Through a partnership with Access Inc and theatre-maker Romi Kupfer, Create to Advocate started as a pilot program in 2021, exploring creative approaches to disability advocacy. Access Inc works with people living with a disability to achieve their life goals. This blog piece was written by three participants of the program as a creative tool for advocacy. In their own words, they share their view on why they think there is strength in disability and their hopes for a community that also recognises that strength.
There are so many people in this world who have one or more altered-abilities/disabilities. Everyone has a dream, and a unique life and a unique way of achieving that dream. I have a dream to become an actress and to inspire people like many famous people who have achieved their own dreams despite their altered-abilities. Famous artists, models, actors, singers, chefs and sports people all struggle but have managed to show the world you can achieve your dreams, as long as you are passionate and want to keep practising until your dreams are reached.
Without strength, perseverance, practise and the support of Access Inc, I don’t think I could have ever reached my dream. I am so lucky, because I have supportive people in my life who never gave up on me (thank you). I am achieving beyond my dreams and anyone can do it even if you do have an altered-ability. You just have to believe in yourself and say “I have an altered-ability which means I have the ABILITY to reach my dreams, I just have to find a different way to achieve them.”

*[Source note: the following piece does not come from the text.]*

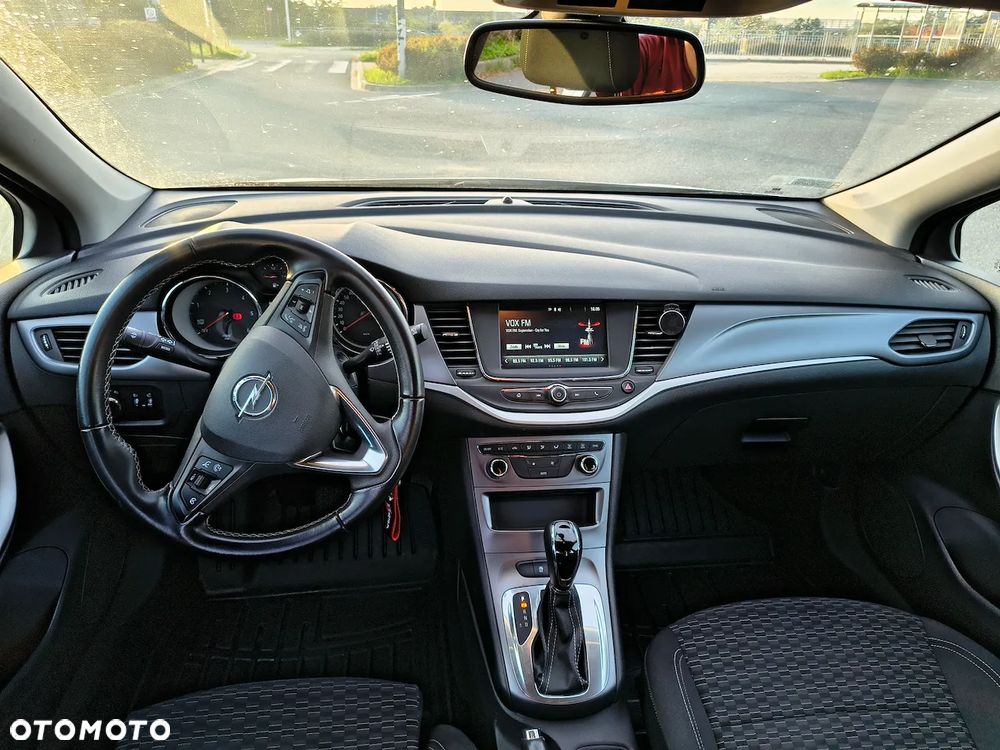 Opel Astra 1.6 CDTI Enjoy - 17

At the end of year 10 I left school. It was hard because there were very limited options for me so I went to Holmesglen TAFE to complete 3 foundation learning certificates. TAFE at age of 17 was hard because I was with so many different people and had so many different emotions. At the time, I found myself in trouble because I was not understanding structure and rules properly and picked up many behaviours that affected my ability to have positive relationships with others. But I did gain skills by completing outcomes, working on life skills and keeping a job at Target for a year and a half.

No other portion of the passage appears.